Problem statement - Every entry below should be copied exactly, minus the pictures.

Listed records -
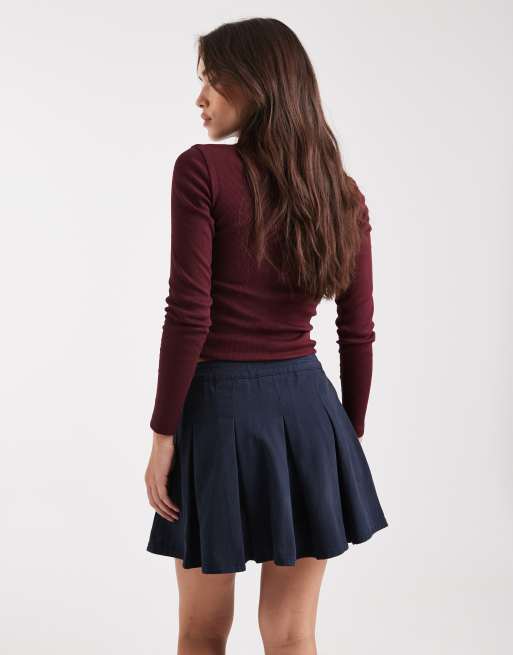 Miss Selfridge - Mini-jupe plissée d'ensemble - Bleu marine délavé, 3 de 5
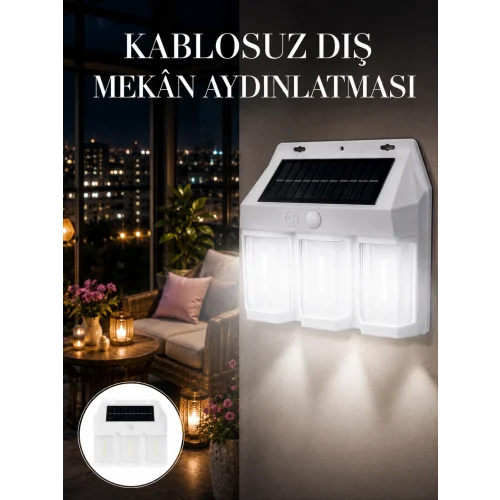 Mey İthalat® Dış Mekan Solar Duvar Lambası – 120° Hareket Algılama, 3 Işık Modu Yeni Nesil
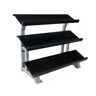 Black metal storage bench with three shelves and sturdy steel frame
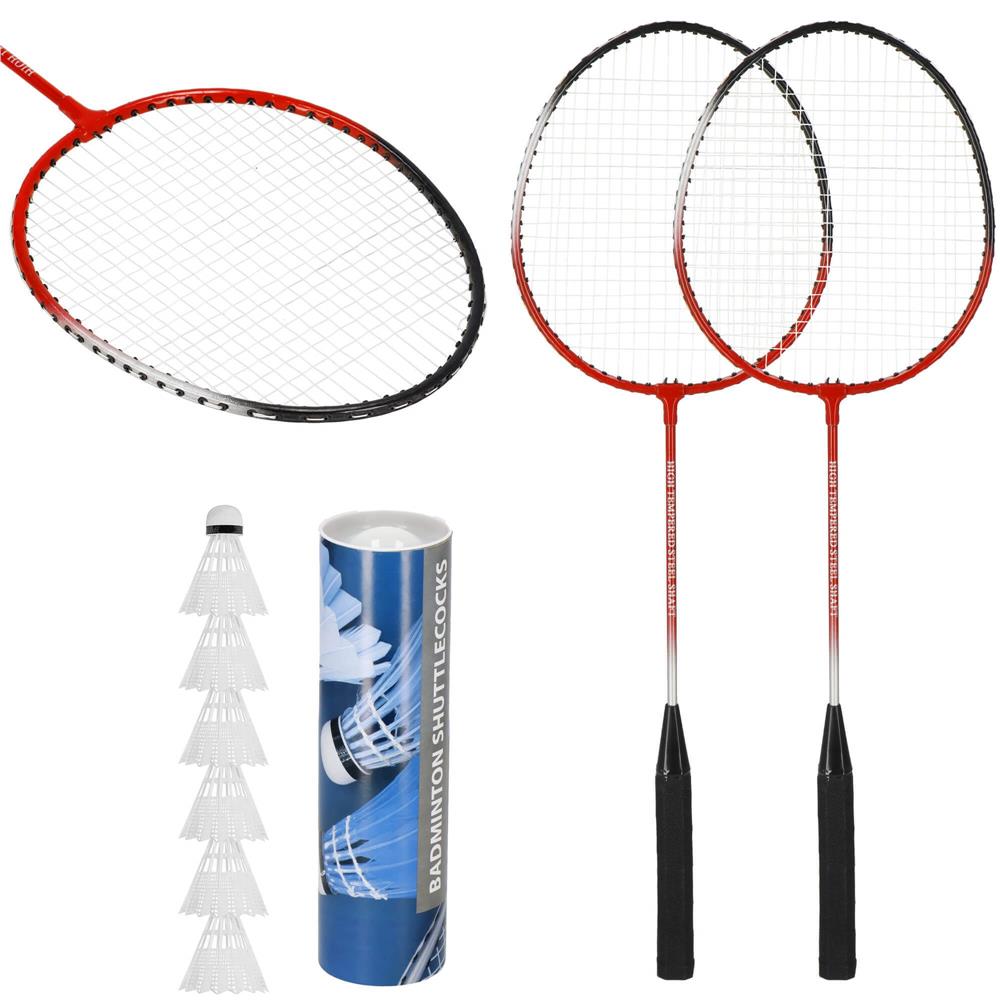 Set badminton 9 piese, 2 rachete metalice, 6 fluturasi si husa, 66 cm, multicolor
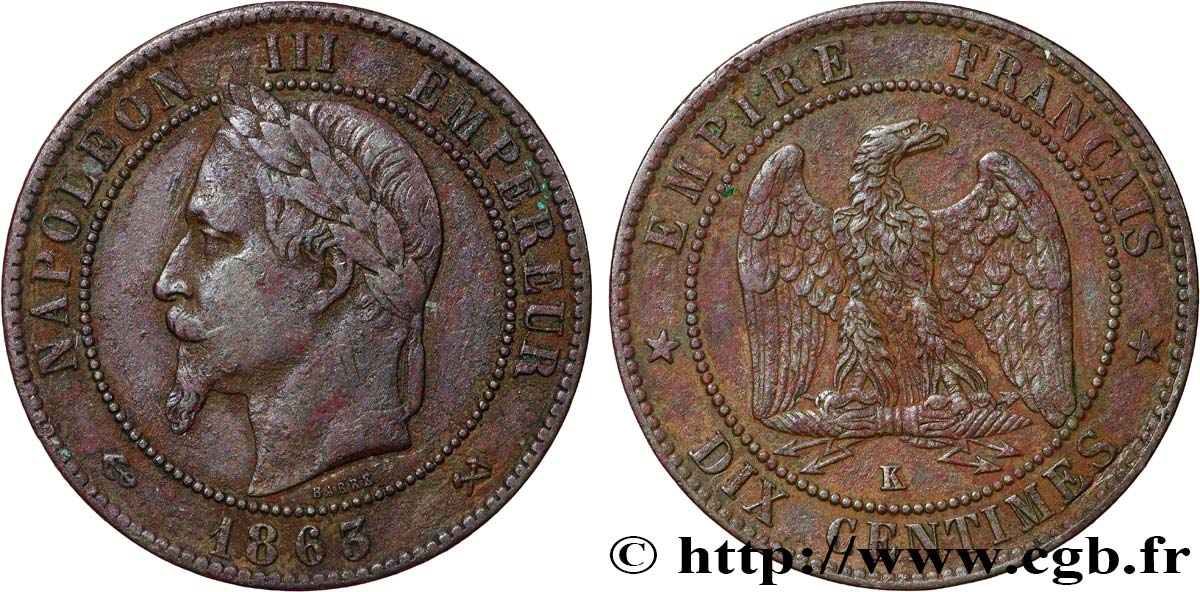 Dix centimes Napoléon III, tête laurée 1863 Bordeaux F.134/12 MB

Response -
 Miss Selfridge - Mini-jupe plissée d'ensemble - Bleu marine délavé, 3 de 5
 Mey İthalat® Dış Mekan Solar Duvar Lambası – 120° Hareket Algılama, 3 Işık Modu Yeni Nesil
 Black metal storage bench with three shelves and sturdy steel frame
 Set badminton 9 piese, 2 rachete metalice, 6 fluturasi si husa, 66 cm, multicolor
 Dix centimes Napoléon III, tête laurée 1863 Bordeaux F.134/12 MB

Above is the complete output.